Now, by itself, this is already impressive. But the reason why this is so fundamental, Tocqueville writes, is even bigger than you think. Most conservatives usually sing the virtues of local government as “laboratories of democracy”–in other words, if we have decentralized government, different places can try different things out and a) find solutions that work better for their particular problems and b) help bubble up good ideas from the local level to the state and national level.
That’s all true enough but, Tocqueville says, local government is fundamental not so much because it’s a “laboratory” of democracy but because it’s a school of democracy. Through such accountable and democratic government, Americans learn to be democratic citizens. They learn to be involved in the common good. They learn to take charge of their own affairs, as a community. Tocqueville writes that it’s because of local democracy that Americans can make state and Federal democracy work—by learning, in their bones, to expect and demand accountability from public officials and to be involved in public issues.
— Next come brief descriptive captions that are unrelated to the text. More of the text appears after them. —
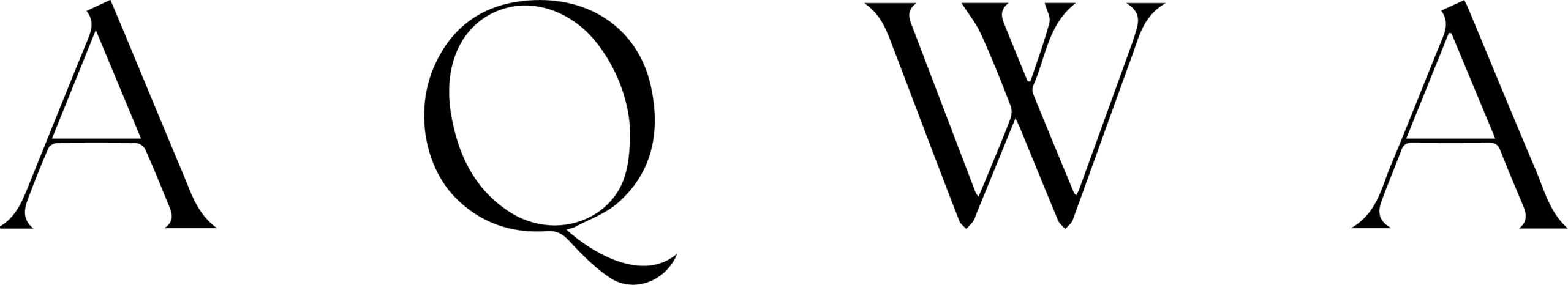 Aqwa logo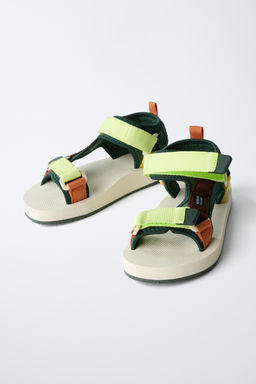 TECHNICAL SANDALS - Zara фото 3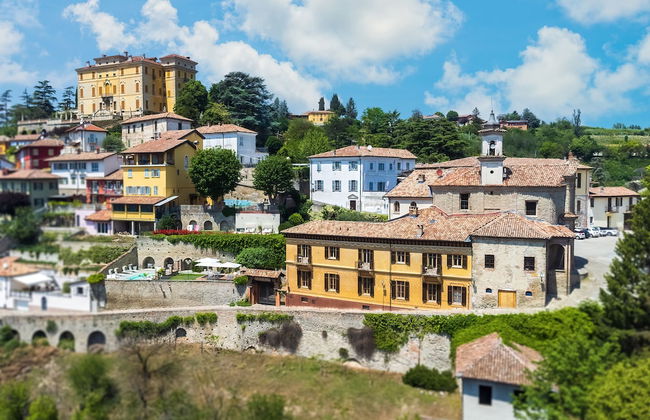 Relais Villa del Borgo - Photo 65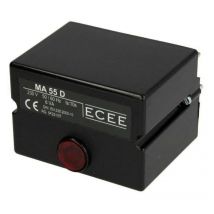Relais, EMV-Kontrollbox Ecee für ma 55D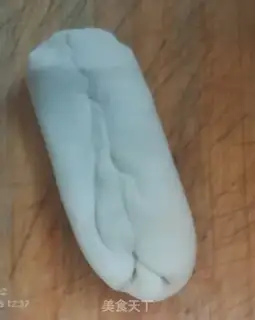 Make Three fresh dumplings step 13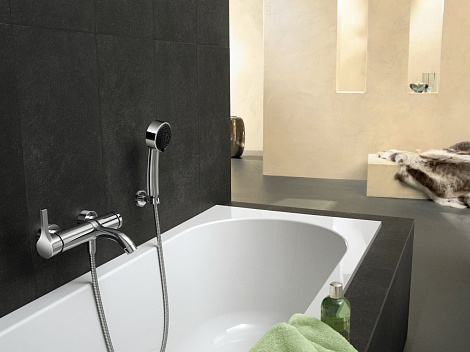 Квариловая ванна Villeroy&Boch Oberon 170x75 UBQ170OBE2V-01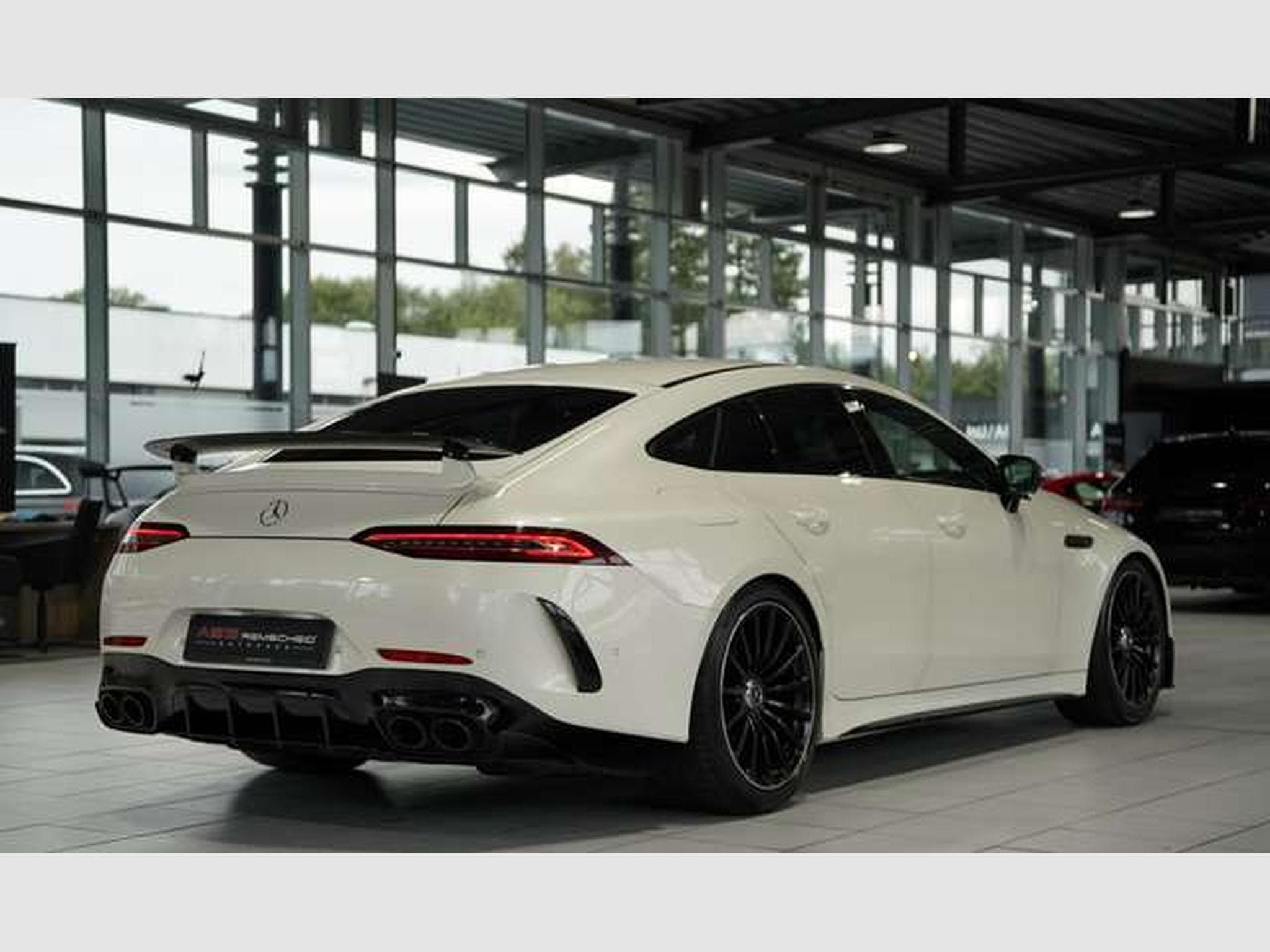 Mercedes GT 53 4M *V8 *Aerodynamik *S-Abgas *Schale* (2022) - Foto 7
Tocqueville shows this through social history: as he notes, in the Colonial Era, the state government of the colonies was, by and large, not democratic (though there were representative offices). But because the faraway hand of the King was light, the colonists set up local governments however they wanted, and those governments were intensely, thoroughly democratic. Through learning about democratic self-government at the local level, Americans went from being subjects to being citizens, until they finally could no longer resist the colonial yoke.
Writing after the Revolution, Tocqueville says this “educational” component of local democracy is as vibrant and as important as ever.
By the way, this has implications not all conservatives might like: to Tocqueville, and as American history shows, a functional democracy requires not atomized citizens who only want to be left alone. This citizenship also has an active component, where everyone feels a duty to be involved in the community. This communitarian vision of active citizenship as public service, while certainly present on the Right, is nonetheless more present on the Left, and Tocqueville tells us it’s the good one.
But the fundamental thing that Tocqueville reminds us is that local government is fundamentally important to American democracy. Not because it enables better and more accountable public policy. But because it makes us into better citizens and safeguards our democracy. How often is this picture realized in America today? Not enough, Tocqueville would surely think.